### Task description
When you write out the listing below, keep each word exactly as it stands and drop the pictures.

### Material provided
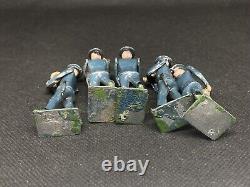 RAF Band And RAF Soldiers Marching At Slope By Britains (N yel 137)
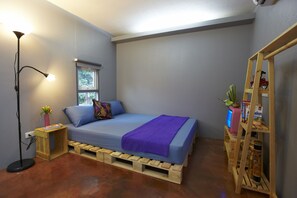 Classic Double or Twin Room | In-room safe, free WiFi - WH Hostel (Bangkok)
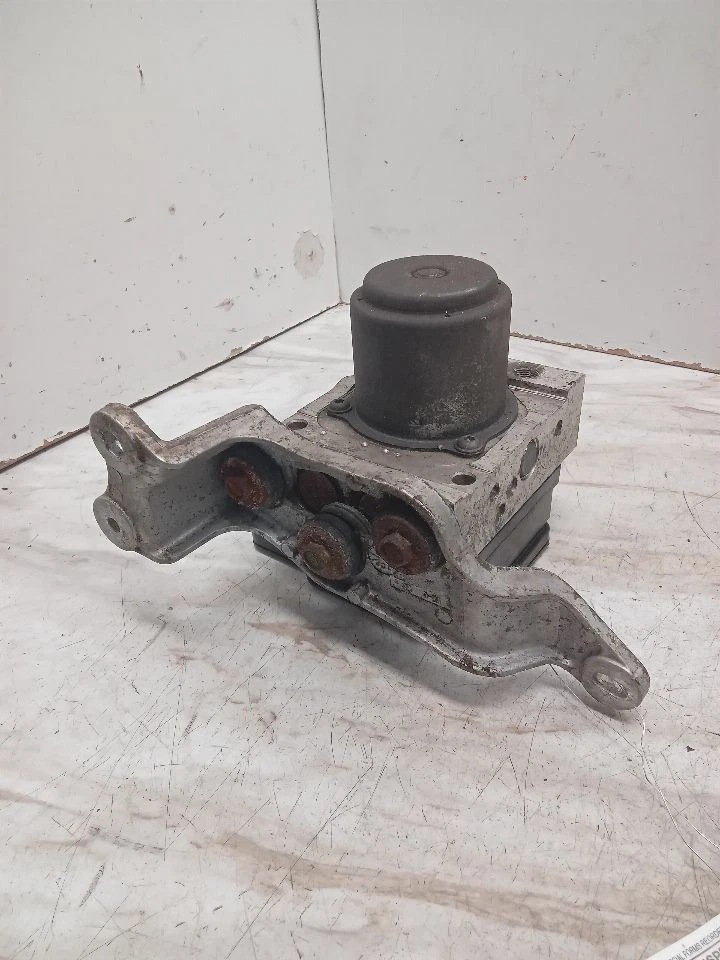 Anti-Lock Brake Part Pump Assembly Hybrid Fits 13-15 ILX 342070 - Image 3 of 4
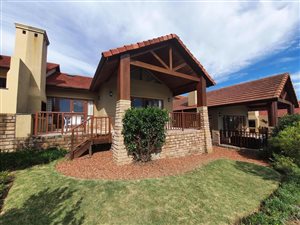2 Bed Apartment in Pezula Golf Estate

### Problem solution
 RAF Band And RAF Soldiers Marching At Slope By Britains (N yel 137)
 Classic Double or Twin Room | In-room safe, free WiFi - WH Hostel (Bangkok)
 Anti-Lock Brake Part Pump Assembly Hybrid Fits 13-15 ILX 342070 - Image 3 of 4
2 Bed Apartment in Pezula Golf Estate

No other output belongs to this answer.